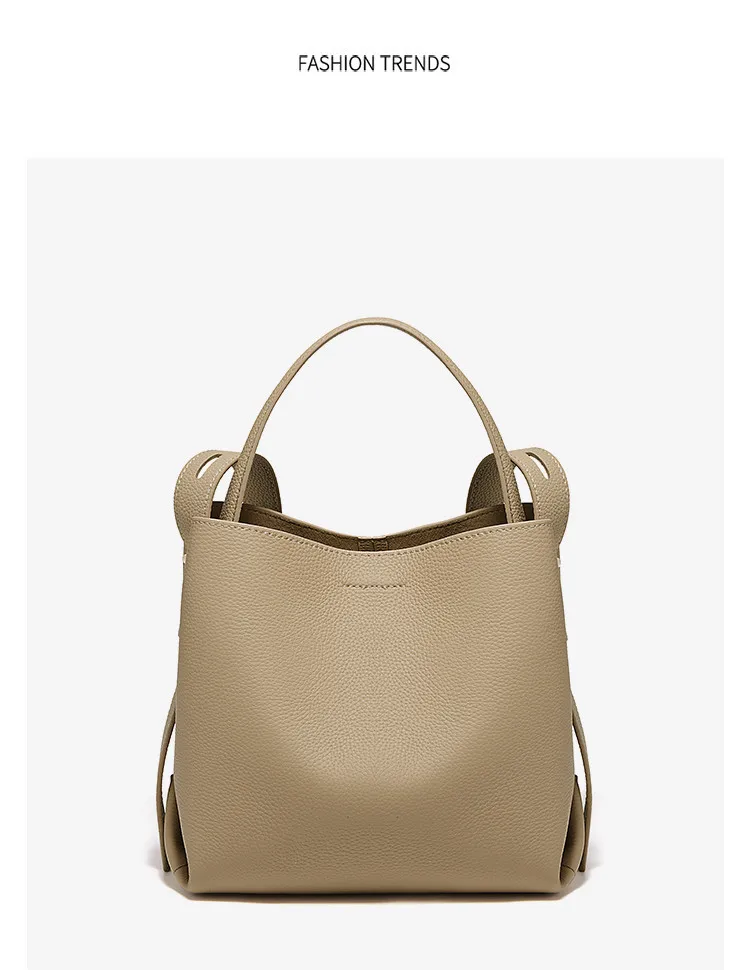 FOXER Einfache Echtleder-Handtasche Damen Schultertasche Tote Bucket Bag Große Kapazität Damen Umhängetasche Pusre Casual – Detail 17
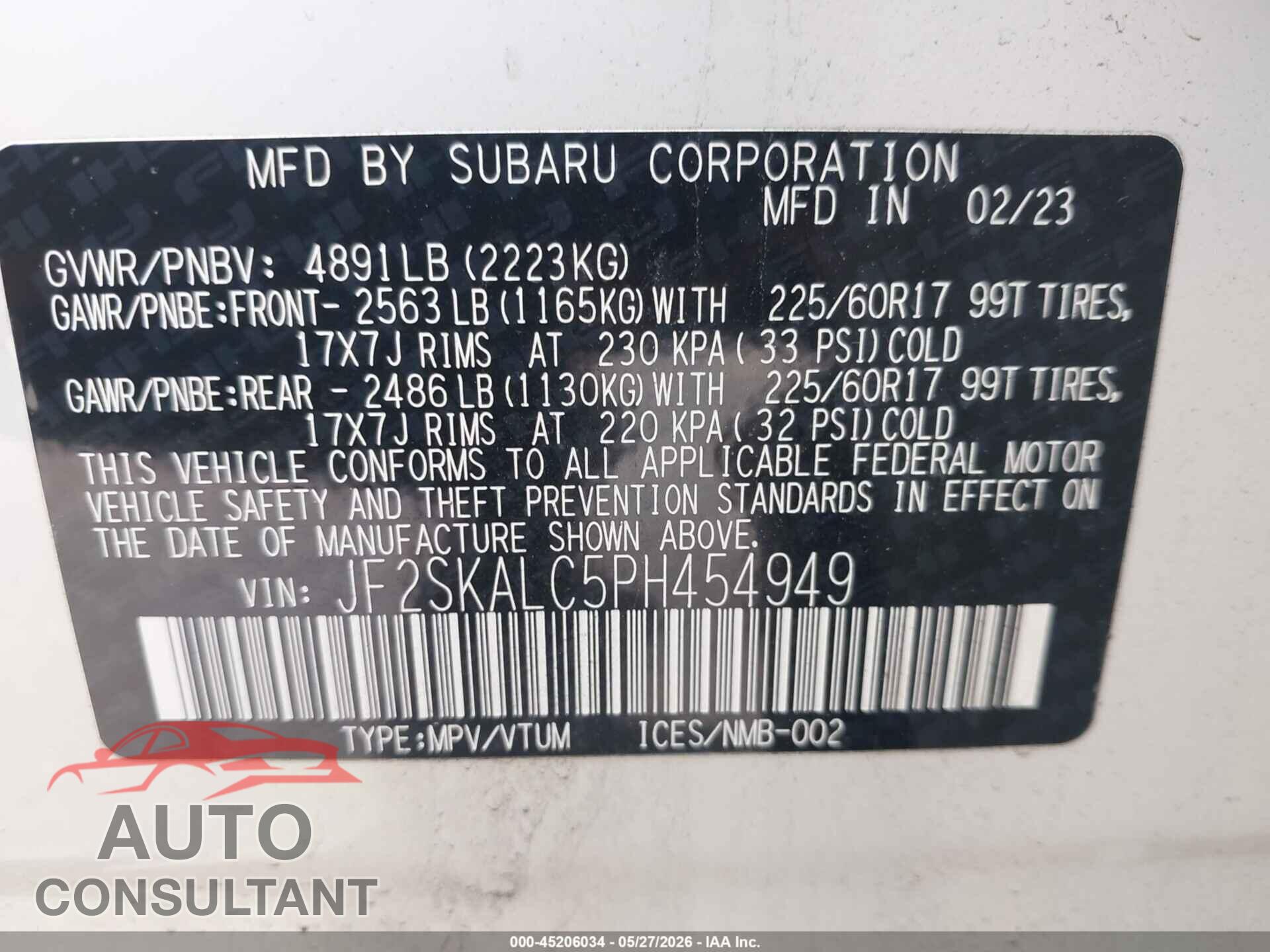 SUBARU FORESTER 2023 - JF2SKALC5PH454949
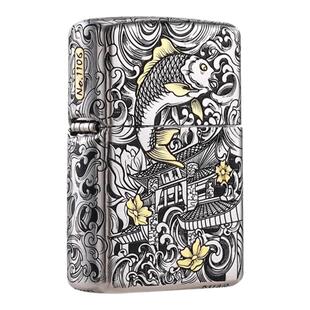 ZIPPO打火机限量错金银套壳鲤鱼跃龙门芝宝正品煤油防风火机礼物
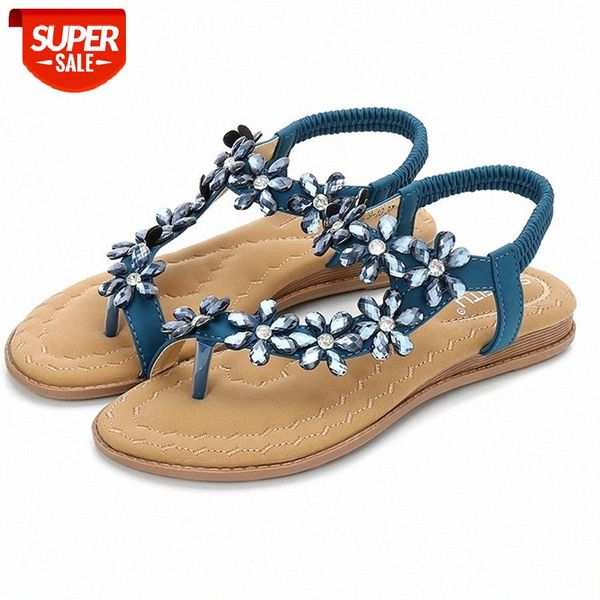 

fongimic women sandals summer new bohemia beach sandals bohemian flower water drill slippers comfortable large size flat shoes #re9l, Black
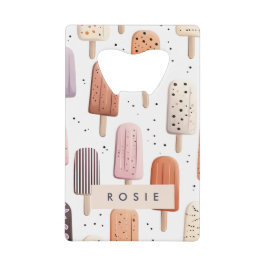 Monogram Gepersonaliseerd Schattige Popsicle Patro Creditkaart Flessenopener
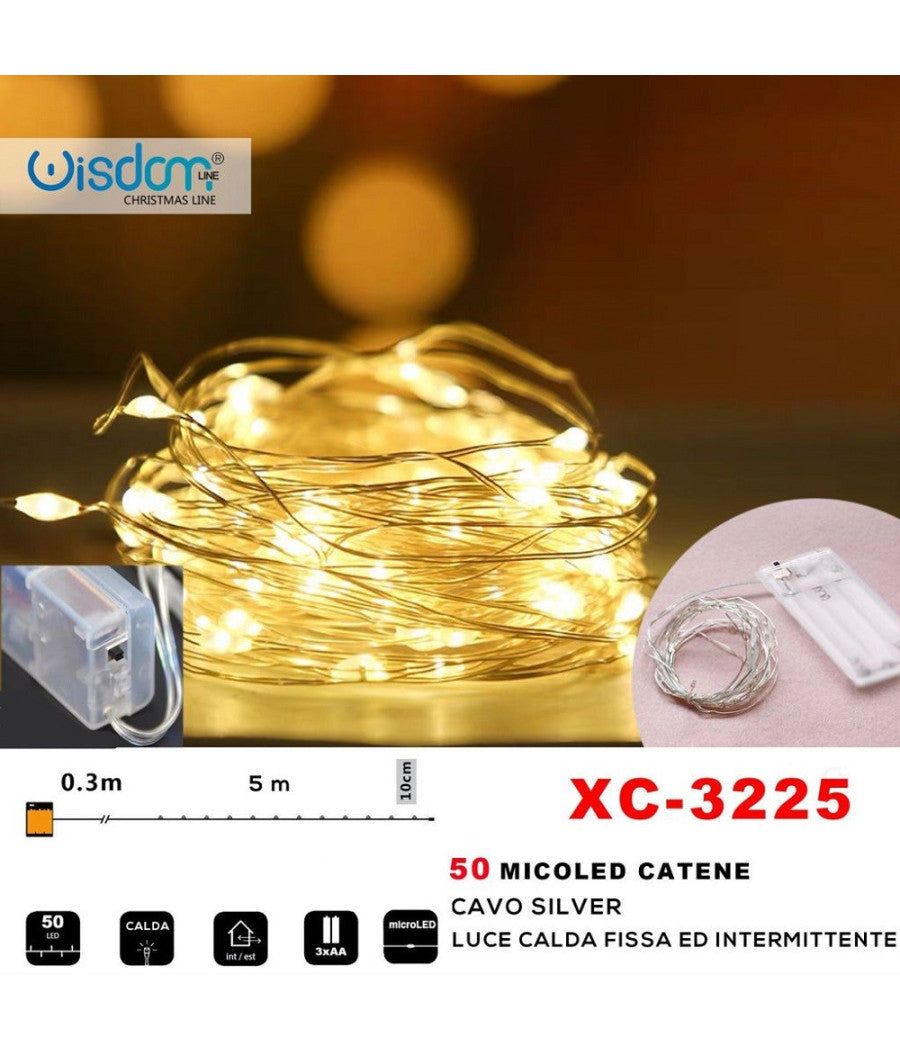 Catena 50 Microled A Batteria Cavo Silver Luce Calda Fissa+intermittente Xc-3225         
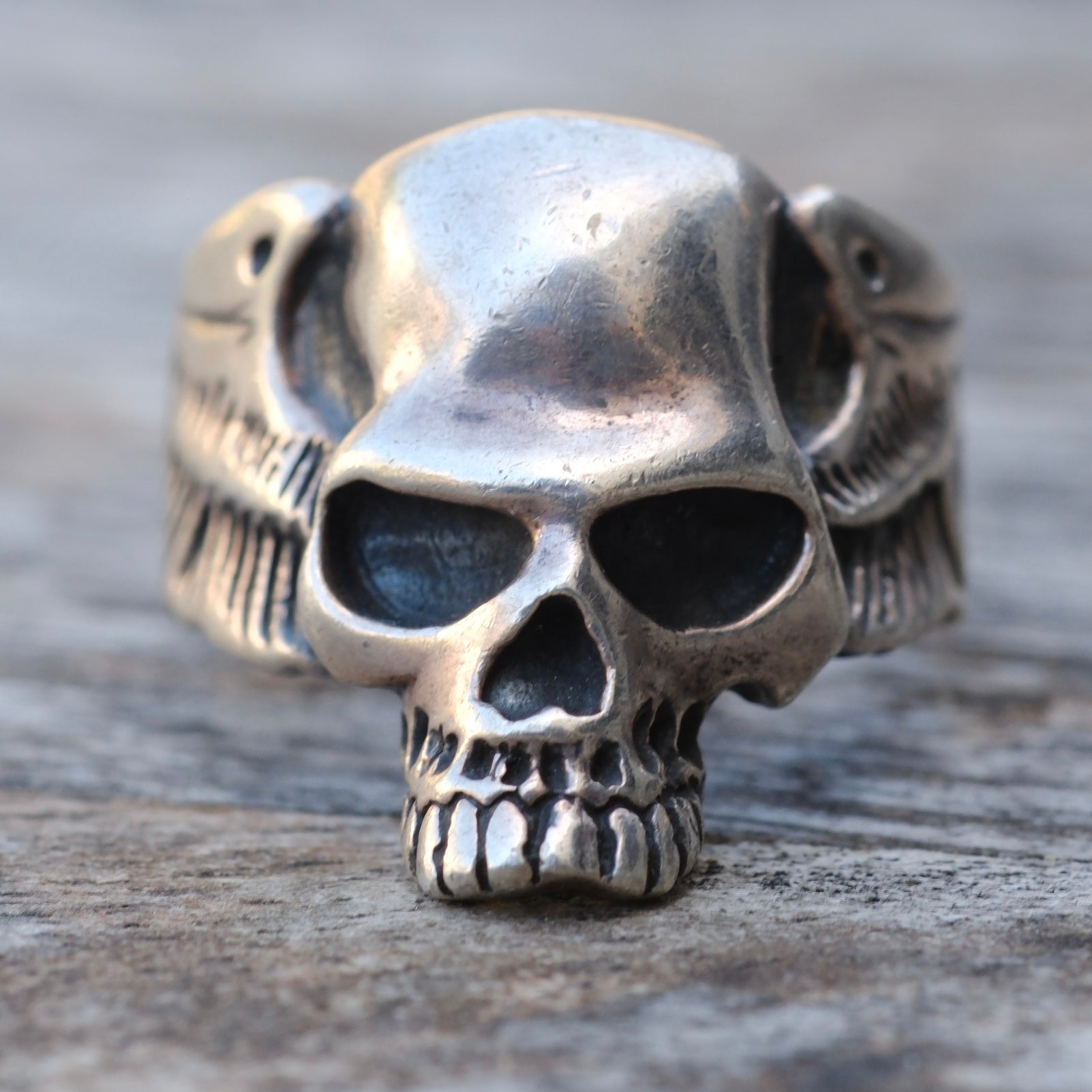 Vintage Sterling Silver Skull Ring 11.75
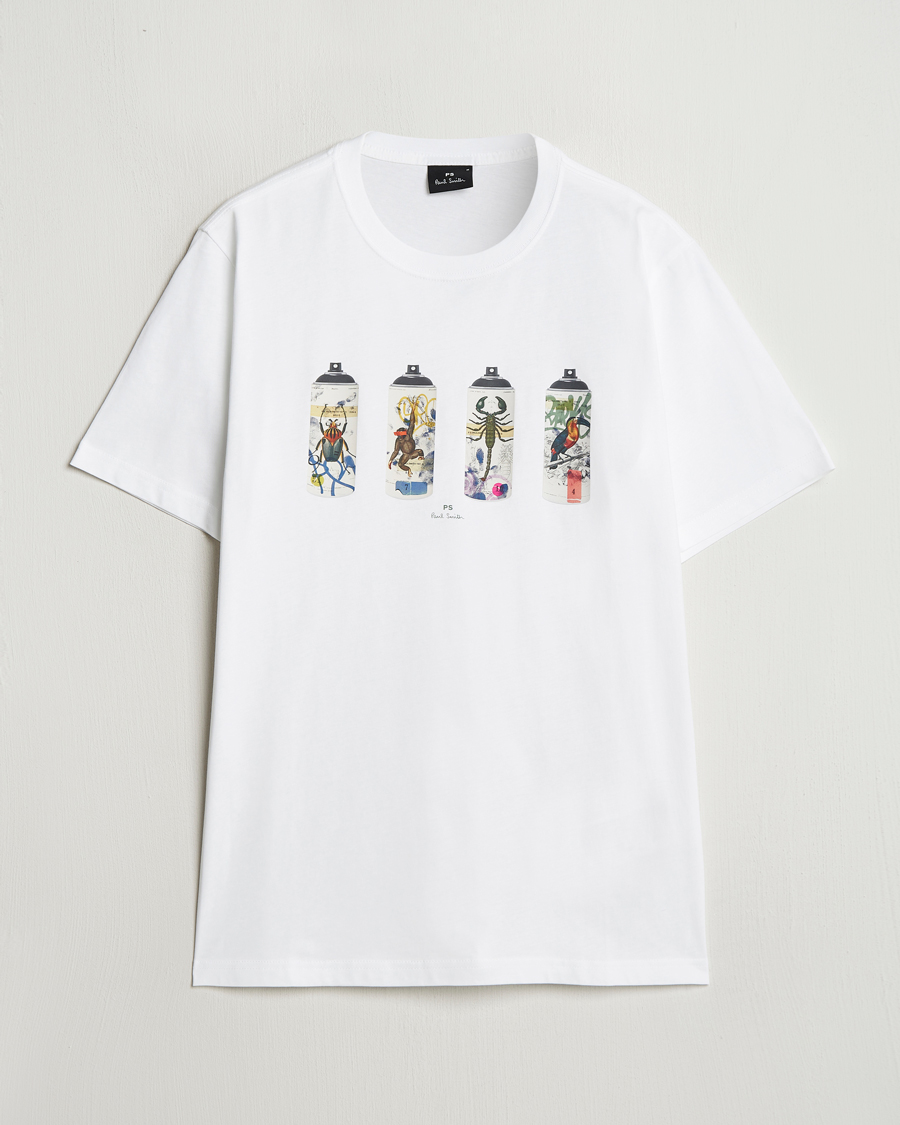 Hombres | Camisetas | PS Paul Smith | Spray Cans Crew Neck T-Shirt White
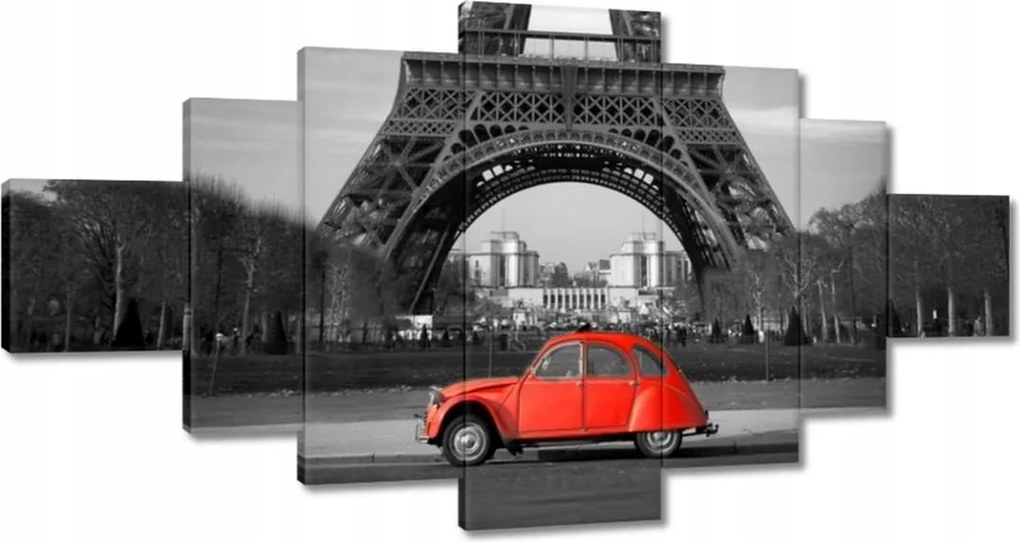 Vászonkép 200x100 Autó Eiffel-torony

====

> Task directions
The answer must consist solely of the lines from the one with "Catena 50 Microled" through the final line of the data, each reproduced exactly and with pictures omitted.

> Written reply
 Catena 50 Microled A Batteria Cavo Silver Luce Calda Fissa+intermittente Xc-3225         
 Vintage Sterling Silver Skull Ring 11.75
 Hombres | Camisetas | PS Paul Smith | Spray Cans Crew Neck T-Shirt White
 Vászonkép 200x100 Autó Eiffel-torony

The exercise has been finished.